#### Assignment:
Report every line in the records below that holds the word "Large".

[Records from a collection]
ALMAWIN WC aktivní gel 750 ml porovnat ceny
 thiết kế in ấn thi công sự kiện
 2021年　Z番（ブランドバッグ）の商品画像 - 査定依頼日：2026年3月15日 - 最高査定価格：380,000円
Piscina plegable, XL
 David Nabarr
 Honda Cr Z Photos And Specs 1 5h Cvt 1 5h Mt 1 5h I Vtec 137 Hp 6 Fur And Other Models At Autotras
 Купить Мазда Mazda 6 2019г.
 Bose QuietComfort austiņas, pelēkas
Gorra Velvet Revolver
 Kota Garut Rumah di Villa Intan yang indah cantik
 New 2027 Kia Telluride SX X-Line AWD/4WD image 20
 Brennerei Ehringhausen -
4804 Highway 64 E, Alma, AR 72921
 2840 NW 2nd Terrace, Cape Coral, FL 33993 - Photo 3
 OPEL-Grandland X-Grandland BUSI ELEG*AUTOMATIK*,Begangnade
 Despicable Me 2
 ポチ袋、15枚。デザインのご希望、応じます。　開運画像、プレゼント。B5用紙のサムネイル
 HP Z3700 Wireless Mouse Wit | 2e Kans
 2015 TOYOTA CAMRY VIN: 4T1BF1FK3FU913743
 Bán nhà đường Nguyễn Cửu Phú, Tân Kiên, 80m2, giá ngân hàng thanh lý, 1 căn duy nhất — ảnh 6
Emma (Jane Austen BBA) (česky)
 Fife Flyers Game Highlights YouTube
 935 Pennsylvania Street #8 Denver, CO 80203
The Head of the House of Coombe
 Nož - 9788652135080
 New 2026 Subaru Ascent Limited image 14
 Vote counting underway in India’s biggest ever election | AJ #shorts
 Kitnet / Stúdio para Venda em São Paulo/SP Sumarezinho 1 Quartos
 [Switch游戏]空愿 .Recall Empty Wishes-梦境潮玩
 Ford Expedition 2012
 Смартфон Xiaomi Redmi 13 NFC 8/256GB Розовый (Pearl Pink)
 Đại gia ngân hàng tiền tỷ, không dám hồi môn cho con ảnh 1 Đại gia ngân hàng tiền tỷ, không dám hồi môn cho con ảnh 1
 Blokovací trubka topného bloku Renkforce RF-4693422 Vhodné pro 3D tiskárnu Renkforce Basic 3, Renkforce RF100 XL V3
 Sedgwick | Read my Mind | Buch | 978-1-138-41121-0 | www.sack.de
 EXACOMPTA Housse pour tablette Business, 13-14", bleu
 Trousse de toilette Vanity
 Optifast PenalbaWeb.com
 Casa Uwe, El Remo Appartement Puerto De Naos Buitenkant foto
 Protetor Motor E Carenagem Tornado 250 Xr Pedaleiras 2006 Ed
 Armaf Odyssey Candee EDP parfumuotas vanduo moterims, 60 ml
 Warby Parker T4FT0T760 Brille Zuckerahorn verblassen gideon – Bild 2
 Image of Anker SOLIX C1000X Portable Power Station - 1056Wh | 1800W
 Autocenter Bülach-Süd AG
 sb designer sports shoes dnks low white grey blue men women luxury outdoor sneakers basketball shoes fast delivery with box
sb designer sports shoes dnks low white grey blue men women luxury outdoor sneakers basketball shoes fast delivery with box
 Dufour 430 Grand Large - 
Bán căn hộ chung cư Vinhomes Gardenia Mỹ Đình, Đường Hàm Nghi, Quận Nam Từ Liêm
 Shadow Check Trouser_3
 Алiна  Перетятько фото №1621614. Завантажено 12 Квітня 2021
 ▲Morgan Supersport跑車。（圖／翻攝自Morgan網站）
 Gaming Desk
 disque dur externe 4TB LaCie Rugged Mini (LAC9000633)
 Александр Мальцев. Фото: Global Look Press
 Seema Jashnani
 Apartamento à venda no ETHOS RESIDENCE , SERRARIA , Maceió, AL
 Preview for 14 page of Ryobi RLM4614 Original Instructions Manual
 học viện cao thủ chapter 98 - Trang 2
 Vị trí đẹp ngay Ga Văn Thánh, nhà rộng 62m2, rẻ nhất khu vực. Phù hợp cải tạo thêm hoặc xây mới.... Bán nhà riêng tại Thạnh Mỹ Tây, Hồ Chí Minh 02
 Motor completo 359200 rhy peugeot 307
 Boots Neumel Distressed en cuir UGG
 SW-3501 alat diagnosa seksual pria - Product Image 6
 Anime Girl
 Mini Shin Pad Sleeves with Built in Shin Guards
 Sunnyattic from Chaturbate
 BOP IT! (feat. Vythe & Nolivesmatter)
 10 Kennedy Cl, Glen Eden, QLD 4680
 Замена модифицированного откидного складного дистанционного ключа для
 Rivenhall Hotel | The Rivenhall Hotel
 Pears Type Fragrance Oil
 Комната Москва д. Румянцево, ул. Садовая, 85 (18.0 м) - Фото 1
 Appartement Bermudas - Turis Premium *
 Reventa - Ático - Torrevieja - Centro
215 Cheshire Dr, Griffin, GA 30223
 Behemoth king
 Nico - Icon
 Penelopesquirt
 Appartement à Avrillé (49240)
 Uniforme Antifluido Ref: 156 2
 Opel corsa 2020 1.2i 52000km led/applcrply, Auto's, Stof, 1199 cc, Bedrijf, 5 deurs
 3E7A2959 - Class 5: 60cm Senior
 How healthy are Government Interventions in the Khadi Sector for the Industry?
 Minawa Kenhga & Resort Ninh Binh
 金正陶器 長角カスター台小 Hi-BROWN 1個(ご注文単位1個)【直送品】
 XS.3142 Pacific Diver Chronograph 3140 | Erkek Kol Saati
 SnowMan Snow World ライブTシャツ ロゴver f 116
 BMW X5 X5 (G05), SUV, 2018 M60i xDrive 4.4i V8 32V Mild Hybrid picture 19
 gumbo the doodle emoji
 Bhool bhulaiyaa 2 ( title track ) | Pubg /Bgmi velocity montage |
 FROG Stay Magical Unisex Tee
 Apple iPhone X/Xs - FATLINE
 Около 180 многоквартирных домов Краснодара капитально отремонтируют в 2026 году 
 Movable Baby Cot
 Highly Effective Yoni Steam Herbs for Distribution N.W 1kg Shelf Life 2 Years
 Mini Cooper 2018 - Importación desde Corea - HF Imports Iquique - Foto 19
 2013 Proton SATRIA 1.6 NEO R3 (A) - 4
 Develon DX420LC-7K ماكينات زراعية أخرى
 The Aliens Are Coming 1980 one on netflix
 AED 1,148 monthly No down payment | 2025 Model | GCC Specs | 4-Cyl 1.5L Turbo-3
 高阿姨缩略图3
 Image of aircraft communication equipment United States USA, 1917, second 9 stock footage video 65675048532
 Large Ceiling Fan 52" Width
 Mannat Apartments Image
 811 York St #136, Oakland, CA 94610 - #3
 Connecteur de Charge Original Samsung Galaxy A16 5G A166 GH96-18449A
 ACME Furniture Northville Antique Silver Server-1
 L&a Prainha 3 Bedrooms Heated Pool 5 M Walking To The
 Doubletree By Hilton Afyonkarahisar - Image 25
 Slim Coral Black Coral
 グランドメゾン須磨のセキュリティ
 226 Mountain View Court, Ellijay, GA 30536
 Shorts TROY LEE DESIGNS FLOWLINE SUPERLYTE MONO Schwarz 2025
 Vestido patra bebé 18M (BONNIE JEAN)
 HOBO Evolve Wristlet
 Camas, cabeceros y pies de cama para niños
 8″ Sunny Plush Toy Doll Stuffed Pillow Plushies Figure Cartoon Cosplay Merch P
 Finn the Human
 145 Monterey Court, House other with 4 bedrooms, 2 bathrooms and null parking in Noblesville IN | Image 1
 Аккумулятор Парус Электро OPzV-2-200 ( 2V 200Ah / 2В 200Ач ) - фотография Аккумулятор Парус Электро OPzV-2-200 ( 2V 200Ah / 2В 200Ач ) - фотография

#### Exercise result:
 Dufour 430 Grand Large - 
 Large Ceiling Fan 52" Width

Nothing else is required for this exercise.